The Volvo P1900 – Glasspar designed and built sports car bodies for the Swedish carmaker, Volvo, in 1955. Volvo technicians were trained at Glasspar, and 20 bodies were fabricated there. These bodies and the molds were shipped to Volvo for assembly and further production with a total of 67 Volvo P1900’s finally produced. Volvo never actively promoted the car.

Volvo P1900

The Vaughn Singer – This was only one automobile. Bill Vaughn of the British Singer Car Company commissioned Bill Tritt to ship a Glasspar G2 body to New York and adapt it to a Singer SM 1500 chassis. The body arrived on 2 x 4’s and Tritt and a welder, working in a loft in Manhattan, stripped the metal body off and adapted the G2 body to the Singer chassis. The car, outwardly identical to a G2 and not running, was moved to a New York City Auto Show for display and promotion. Only one G2 body was ever delivered to Singer.

Vaughan Singer 1500

The Yankee Clipper – A very limited number were made in 1953 by the Strassberger Motor Company of Menlo Park, California, before going out of business, using the standard Glasspar G2 body, Ford components and the Ford flathead engine. Strassberger was one of many companies that desired to, but did not go into, fiberglass car production. Their car was a standard Glasspar G2 kit, and there were no distinguishing features to identify them as Clippers.


The Kaiser Darrin – As noted previously, Dutch Darrin, a noted designer for Kaiser, used the G2 body as the starting point and basis for the unique Kaiser Darrin fiberglass sports car. Kaiser produced them in 1954 with 435 made and over 300 still accounted for by the Darrin Owners Roster.
The first seven or so bodies were made by Glasspar and were delivered in seven pieces — the hood, doors, top well cover, deck lid, rear section and front-end assembly. The 300-lb. body, when assembled, was mounted on a modified Henry J chassis, and the engine was a 6-cylinder, 161-cu.in. Willys F-Head producing 90hp. The car weighed 2,175 lbs. and sold for $3,668.
The sliding doors were the unique feature of the Kaiser Darrin and this required side curtains for windows. The car was very complete, including a convertible top, and there were many extras. Production of the Kaiser Darrin came to a halt after only nine months.

1954 Kaiser Darrin
Darrin Sliding Door
Autopia – Disneyland, in Anaheim, California, was building its Autopia automobile track and commissioned Bill Tritt and Glasspar to build the fiberglass car bodies.
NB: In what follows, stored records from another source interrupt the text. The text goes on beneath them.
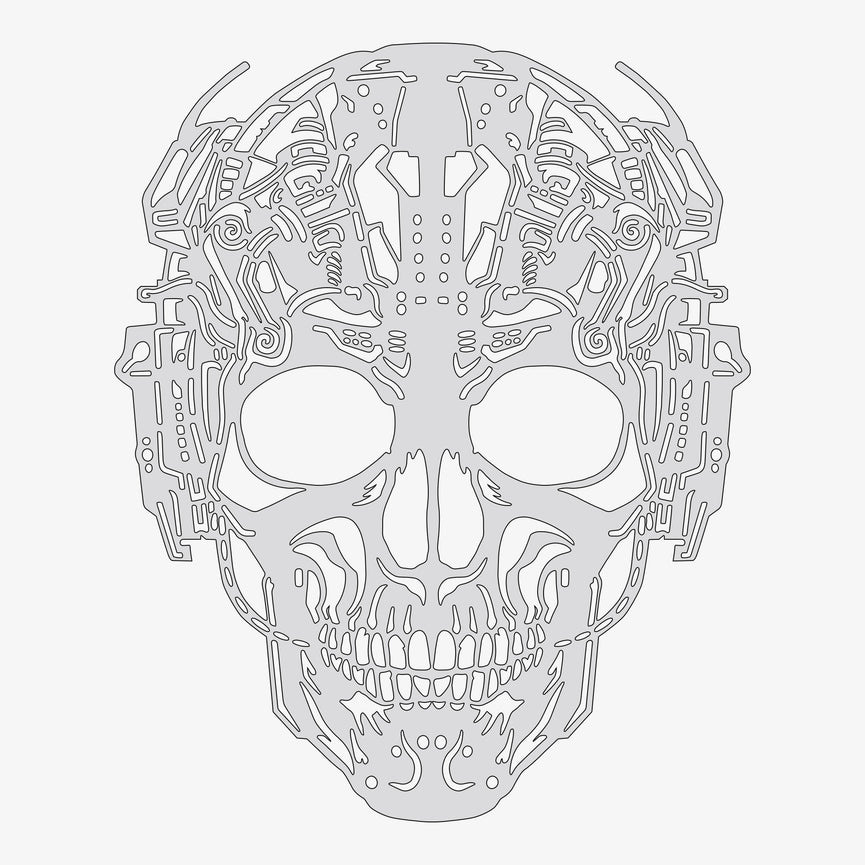 Cyberpunk Skull #1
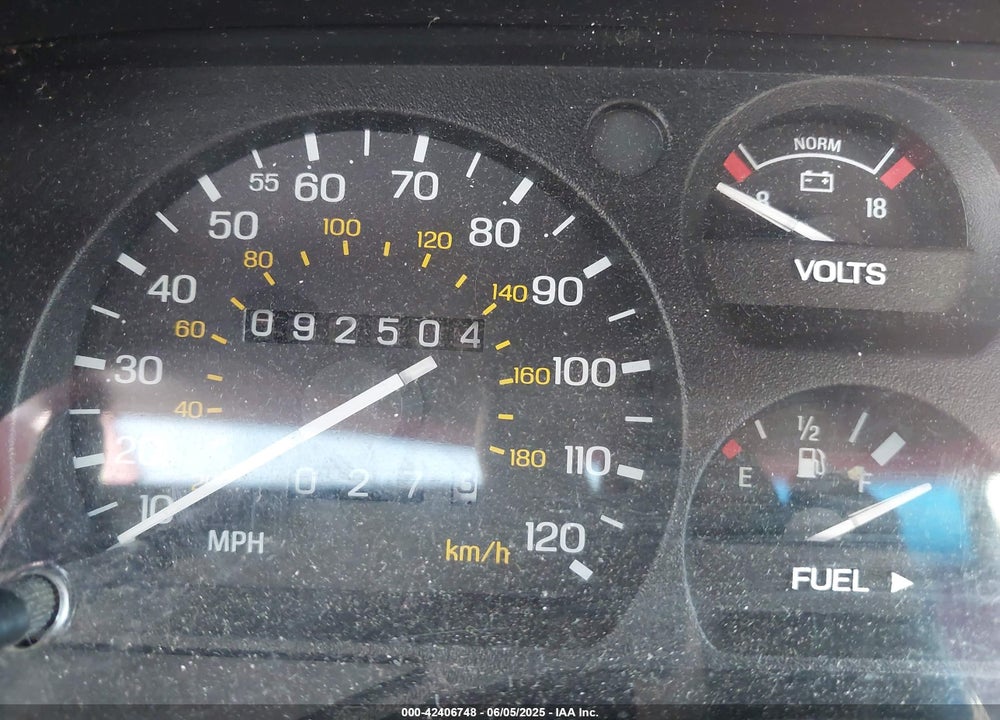 1994 MERCURY COUGAR XR7 VIN: 1MELM62W6RH604333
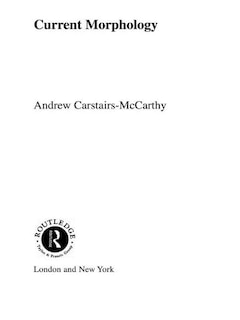 Front cover_Current Morphology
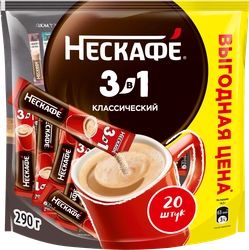 Кофе растворимый NESCAFE Classic 3в1 натуральный, 290г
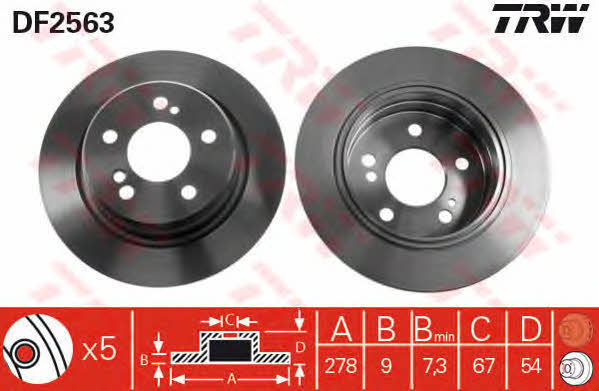 Buy TRW DF2563 at a low price in United Arab Emirates!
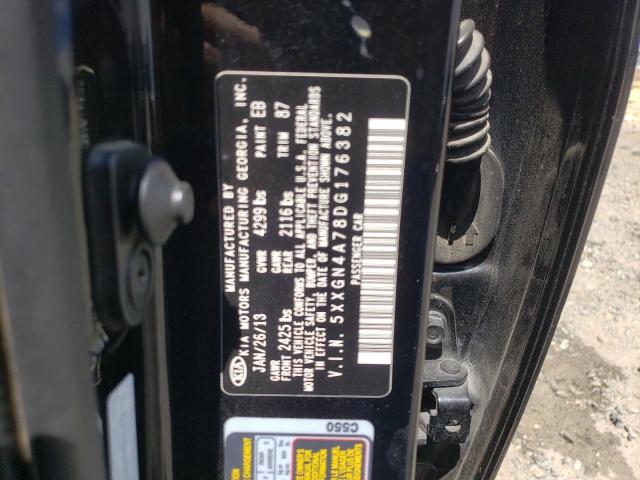 5XXGN4A78DG176382 - 2013 KIA OPTIMA EX BLACK photo 12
These were small, single-seat, self-powered cars and the order was for about 30 car bodies and 1955 delivery. The cars were to have an aluminum wrap-around bumper provided by sponsor Kaiser Aluminum, but later changed to the more suitable steel. Power was a Briggs and Stratton lawn mower-type engine with a centrifugal clutch and governor.



image208    image209

The Autopia Car and on the Track at Disneyland

The Ascot – Although Bill Tritt had contented his company with fabricating and supplying, in the main, just car bodies, he wanted to build another complete sports car embodying the great experience he had gained. In 1955, Bill designed and built the Ascot, a modern and striking car meant for the adventurous, and meant for the road with its fine power-to-weight ratio and 50-50 weight balance for handling. The Ascot was a complete car with roll-up windows, convertible top, good trunk space and the special feature of detachable fenders. It weighed in at 1,750 lbs. and was to sell for $2,600. It was powered by a 100hp Studebaker Champion engine with high-performance add-ons and used Studebaker components with the ease of parts supply from Studebaker. Bill built five cars and was ready to move when the Glasspar Board of Directors applied the brakes. They were not at all interested in cars, but wanted to concentrate on the more profitable Glasspar boats. This 1955 corporate decision brought an end to the Ascot and the G2, both ahead of their time in style and construction, true American legends.